Ras, ras, ras, ras. Sigue por la Ronda arrastrando los pies. Ras, ras. ¿Cuánto hace que no ve a sus nietos? Hará cerca de dos meses. Y eso que viven en el pueblo. No entiende a la juventud de ahora, su falta de respeto por lo que él ha luchado, por todas las horas que trabajaba para sacar a su familia adelante. Jamás le han preguntado por qué le falta un dedo, o el porqué de su cicatriz en un lado de la cara que le llega hasta la clavícula. Ahora simplemente quieren hablar con sus amigos a través del teléfono. Pero qué idiotas, si miraran hacia arriba de vez en cuando... Le habría encantado contarles cómo tener un buen huerto, qué sembrar en cada época del año, cómo hacer un lazo para conejos cuando tienes hambre, cuándo va a llover, los nombres de cada planta... Pero en vez de a sus nietos se lo cuenta a Chico. Y Chico le mira con esos ojos grandes, y le roza con el morro en la mano cuando se detiene al hablar. Pensándolo bien, no necesita para nada que vengan a visitarle los nietos. Ya se acordarán de él cuando muera.
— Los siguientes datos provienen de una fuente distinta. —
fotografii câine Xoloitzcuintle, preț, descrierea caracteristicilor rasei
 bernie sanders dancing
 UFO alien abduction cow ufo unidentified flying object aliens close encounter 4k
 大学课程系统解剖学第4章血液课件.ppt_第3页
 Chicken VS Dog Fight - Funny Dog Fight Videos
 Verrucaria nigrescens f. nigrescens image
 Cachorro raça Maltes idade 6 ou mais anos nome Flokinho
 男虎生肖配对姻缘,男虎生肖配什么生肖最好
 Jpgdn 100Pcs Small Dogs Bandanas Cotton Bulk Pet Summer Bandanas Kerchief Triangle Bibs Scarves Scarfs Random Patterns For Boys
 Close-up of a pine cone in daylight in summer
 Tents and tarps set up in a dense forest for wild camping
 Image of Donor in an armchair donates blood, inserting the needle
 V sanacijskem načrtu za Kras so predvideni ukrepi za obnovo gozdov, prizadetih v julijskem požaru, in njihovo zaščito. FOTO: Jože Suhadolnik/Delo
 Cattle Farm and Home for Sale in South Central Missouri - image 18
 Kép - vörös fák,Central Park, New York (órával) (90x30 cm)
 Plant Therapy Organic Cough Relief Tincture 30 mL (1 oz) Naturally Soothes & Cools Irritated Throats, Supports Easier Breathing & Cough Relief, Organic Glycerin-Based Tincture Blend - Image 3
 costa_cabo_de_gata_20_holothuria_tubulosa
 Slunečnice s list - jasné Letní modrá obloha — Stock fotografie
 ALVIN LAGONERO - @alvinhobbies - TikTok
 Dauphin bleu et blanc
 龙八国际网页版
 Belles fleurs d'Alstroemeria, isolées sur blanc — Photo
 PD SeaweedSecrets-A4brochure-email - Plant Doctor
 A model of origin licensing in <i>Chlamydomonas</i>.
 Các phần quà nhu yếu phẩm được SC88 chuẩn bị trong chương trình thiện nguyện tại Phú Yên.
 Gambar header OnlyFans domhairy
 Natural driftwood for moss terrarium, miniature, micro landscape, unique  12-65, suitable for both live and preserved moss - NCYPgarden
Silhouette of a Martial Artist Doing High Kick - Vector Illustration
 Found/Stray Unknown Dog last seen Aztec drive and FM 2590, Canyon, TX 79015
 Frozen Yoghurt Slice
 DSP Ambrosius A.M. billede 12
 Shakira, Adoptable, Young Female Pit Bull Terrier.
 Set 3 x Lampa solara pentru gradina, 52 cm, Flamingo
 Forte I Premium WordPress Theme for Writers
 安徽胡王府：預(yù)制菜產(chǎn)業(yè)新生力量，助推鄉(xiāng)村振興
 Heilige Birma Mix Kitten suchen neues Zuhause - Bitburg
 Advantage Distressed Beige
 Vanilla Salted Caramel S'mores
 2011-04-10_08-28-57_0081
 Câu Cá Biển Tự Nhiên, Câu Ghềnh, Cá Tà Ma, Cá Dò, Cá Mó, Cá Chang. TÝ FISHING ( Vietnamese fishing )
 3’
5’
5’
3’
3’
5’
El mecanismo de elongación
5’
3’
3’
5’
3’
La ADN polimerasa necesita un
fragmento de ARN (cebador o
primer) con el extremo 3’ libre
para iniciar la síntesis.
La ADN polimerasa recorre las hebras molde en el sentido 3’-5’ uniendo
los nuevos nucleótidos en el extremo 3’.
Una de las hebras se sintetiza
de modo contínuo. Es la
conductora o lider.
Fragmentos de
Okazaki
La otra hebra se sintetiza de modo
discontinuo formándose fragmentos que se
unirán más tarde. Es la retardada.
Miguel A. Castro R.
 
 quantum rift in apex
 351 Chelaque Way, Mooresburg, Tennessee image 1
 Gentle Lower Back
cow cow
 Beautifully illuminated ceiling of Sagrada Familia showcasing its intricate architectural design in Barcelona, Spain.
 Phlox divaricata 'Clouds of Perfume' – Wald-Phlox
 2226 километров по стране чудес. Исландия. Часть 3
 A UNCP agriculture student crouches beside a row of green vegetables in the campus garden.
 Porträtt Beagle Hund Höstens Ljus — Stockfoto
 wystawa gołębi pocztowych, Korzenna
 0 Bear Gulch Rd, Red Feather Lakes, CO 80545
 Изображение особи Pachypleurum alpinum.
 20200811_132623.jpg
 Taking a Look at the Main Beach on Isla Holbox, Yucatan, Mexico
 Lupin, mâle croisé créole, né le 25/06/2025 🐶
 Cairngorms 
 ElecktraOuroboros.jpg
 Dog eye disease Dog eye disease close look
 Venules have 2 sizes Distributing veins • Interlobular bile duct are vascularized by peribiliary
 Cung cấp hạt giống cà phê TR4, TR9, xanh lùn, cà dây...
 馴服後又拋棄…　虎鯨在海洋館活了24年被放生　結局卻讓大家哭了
Vuelve con el mismo ritmo por la Ronda, arrastrando los pies, con sus zapatillas de andar por casa, y esos calcetines gordos que le regaló su hija y que tan bien le han venido este invierno. Esto sí que son adelantos. Abre la puerta de su casa con la llave que tiene atada al cinturón mientras al otro lado Linda araña la puerta. Negro se asoma tímidamente tras la puerta de la cocina, y Chico menea el rabo con alegría contenida. Siempre ha sabido comportarse.

- Vamos a preparar la comida. ¿Qué os apetece hoy?